The applications where shared nothing most drastically outshines object storage are probably the ones in which data can just be filtered from disk — spinning-rust or solid-state as the case may be — and processed in place.
By way of contrast, if data is being redistributed a lot then the shared nothing benefit applies to a much smaller fraction of the overall workload.
The latter group of apps are probably the harder ones to optimize for.

But while it makes sense, much of what’s hardest about the ports involves the move to object storage. The status of that is roughly:

Cloudera already has a lot of its software running on Amazon S3, with Impala/Parquet in beta.
Object storage integration for Windows Azure is “in progress”.
Object storage integration for Google GCP it is “to be determined”.
Security for object storage — e.g. encryption — is a work in progress.
Cloudera Navigator for object storage is a roadmap item.
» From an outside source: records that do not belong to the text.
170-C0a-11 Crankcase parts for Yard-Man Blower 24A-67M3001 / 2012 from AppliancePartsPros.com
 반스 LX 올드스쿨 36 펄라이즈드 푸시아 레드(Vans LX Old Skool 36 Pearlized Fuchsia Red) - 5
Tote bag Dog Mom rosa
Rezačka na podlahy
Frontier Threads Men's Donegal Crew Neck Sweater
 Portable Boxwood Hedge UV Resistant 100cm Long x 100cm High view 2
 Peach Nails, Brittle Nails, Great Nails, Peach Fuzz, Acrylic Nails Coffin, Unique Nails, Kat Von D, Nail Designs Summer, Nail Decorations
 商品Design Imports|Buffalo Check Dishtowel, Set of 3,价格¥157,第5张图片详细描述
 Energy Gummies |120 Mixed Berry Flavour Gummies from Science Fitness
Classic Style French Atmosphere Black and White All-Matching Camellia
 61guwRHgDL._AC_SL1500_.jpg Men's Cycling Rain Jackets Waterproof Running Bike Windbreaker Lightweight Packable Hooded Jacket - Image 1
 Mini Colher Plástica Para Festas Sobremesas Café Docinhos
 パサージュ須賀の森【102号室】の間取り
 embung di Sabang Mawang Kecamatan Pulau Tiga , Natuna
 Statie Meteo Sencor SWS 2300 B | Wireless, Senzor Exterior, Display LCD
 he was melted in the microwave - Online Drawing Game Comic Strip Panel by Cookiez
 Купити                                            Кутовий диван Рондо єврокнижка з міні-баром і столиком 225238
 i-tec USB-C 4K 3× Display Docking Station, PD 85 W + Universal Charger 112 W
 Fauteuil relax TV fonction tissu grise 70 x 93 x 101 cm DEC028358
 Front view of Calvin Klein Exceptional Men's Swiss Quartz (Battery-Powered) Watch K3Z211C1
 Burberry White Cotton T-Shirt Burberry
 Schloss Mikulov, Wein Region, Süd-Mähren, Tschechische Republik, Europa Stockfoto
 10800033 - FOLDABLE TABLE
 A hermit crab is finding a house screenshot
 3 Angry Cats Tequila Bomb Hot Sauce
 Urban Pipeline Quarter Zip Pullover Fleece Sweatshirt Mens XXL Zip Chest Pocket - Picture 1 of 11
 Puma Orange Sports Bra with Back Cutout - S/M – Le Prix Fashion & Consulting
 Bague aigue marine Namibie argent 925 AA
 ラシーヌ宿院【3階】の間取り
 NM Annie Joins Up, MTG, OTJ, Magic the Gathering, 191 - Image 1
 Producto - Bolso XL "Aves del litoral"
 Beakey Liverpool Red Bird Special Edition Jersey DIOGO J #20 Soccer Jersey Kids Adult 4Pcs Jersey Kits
When I asked about particularly hard parts of porting to object storage, I got three specifics. Two of them sounded like challenges around having less detailed control, specifically in the area of consistency model and capacity planning. The third I frankly didn’t understand,* which was the semantics of move operations, relating to the fact that they were constant time in HDFS, but linear in size on object stores.

*It’s rarely obvious to me why something is o(1) until it is explained to me.

Naturally, we talked about competition, differentiation, adoption and all that stuff. Highlights included:

In general, Cloudera’s three big marketing messages these days can be summarized as “Fast”, “Easy”, and “Secure”.
Notwithstanding the differences as to which parts of the Cloudera stack run on premises, on Amazon AWS, on Microsoft Azure or on Google GCP, Cloudera thinks it’s important that its offering is the “same” on all platforms, which allows “hybrid” deployment.
In general, Cloudera still sees Hortonworks as a much bigger competitor than MapR or IBM.
Cloudera fondly believes that Cloudera Manager is a significant competitive advantage vs. Ambari. (This would presumably be part of the “Easy” claim.)
In particular, Cloudera asserts it has better troubleshooting/monitoring than the cloud alternatives do, because of superior drilldown into details.
Cloudera’s big competitor on the Amazon platform is Elastic MapReduce (EMR). Cloudera points out that EMR lacks various capabilities that are in the Cloudera stack. Of course, versions of these capabilities are sometimes found in other Amazon offerings, such as Redshift.
Cloudera’s big competitor on Azure is HDInsight. Cloudera sells against that via:
- General Cloudera vs. Hortonworks distinctions.
- “Hybrid”/portability.

Cloudera also offered a distinction among three types of workload:

ETL (Extract/Transform/Load) and “modeling” (by which Cloudera seems to mean predictive modeling).
- Cloudera pitches this as batch work.
- Cloudera tries to deposition competitors as being good mainly at these kinds of jobs.
- This can be reasonably said to be the original sweet spot of Hadoop and MapReduce — which fits with Cloudera’s attempt to portray competitors as technical laggards.
- Cloudera observes that these workloads tend to call for “transient” jobs. Lazier marketers might trot out the word “elasticity”.
BI (Business Intelligence) and “analytics”, by which Cloudera seems to mainly mean Impala and Spark.
“Application delivery”, by which Cloudera means operational stuff that can’t be allowed to go down. Presumably, this is a rough match to what I — and by now a lot of other folks as well — call short-request processing.

While I don’t agree with terminology that says modeling is not analytics, the basic distinction being drawn here make considerable sense.